"Tragedy" is a song released by the Bee Gees, written by Barry, Robin & Maurice Gibb, included on their 1979 album Spirits Having Flown. The single reached number one in the UK in February 1979 and repeated the feat the following month on the US Billboard Hot 100. In 1998, it was successfully covered by British pop group Steps, whose version also reached number one in the UK.

Origin
Barry, Robin and Maurice Gibb wrote this song and "Too Much Heaven" in an afternoon off from making the Sgt. Pepper's Lonely Hearts Club Band movie, in which they were starring. In the same evening, they wrote "Shadow Dancing", which was performed by Andy Gibb (and reached number one in the US).

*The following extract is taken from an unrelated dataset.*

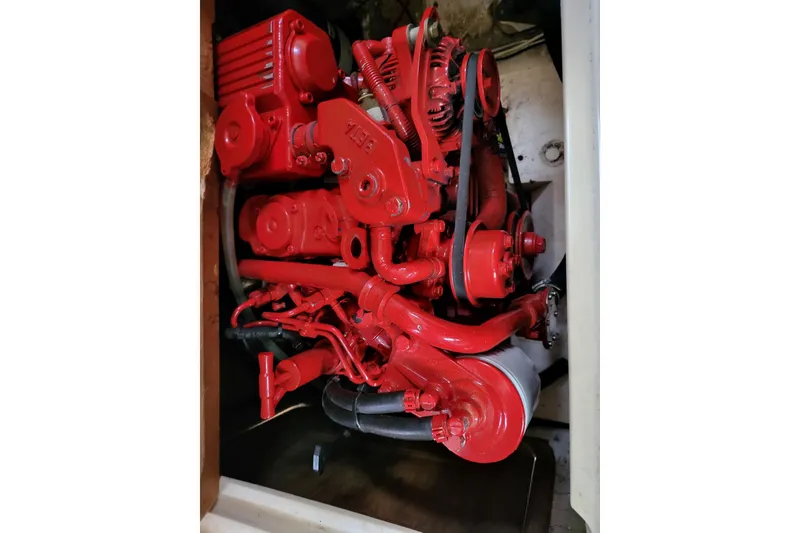 Slide: The Image of Red engine of a 1982 Catalina 30 sailboat, detailed view. - 14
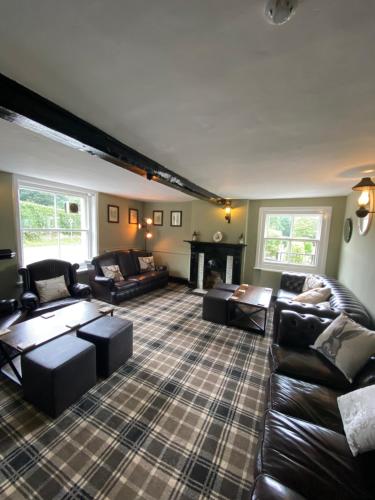 a large living room with couches and a fireplace at The Bickerton Poacher in Higher Burwardsley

Though not originally in Saturday Night Fever, it has subsequently been added to the musical score of the West End version of the movie-musical. The song knocked "I Will Survive" by Gloria Gaynor off the top spot in the US for two weeks before that song again returned to number one for an additional week. "Tragedy" was the second single out of the three released from the album to interrupt a song's stay at #1.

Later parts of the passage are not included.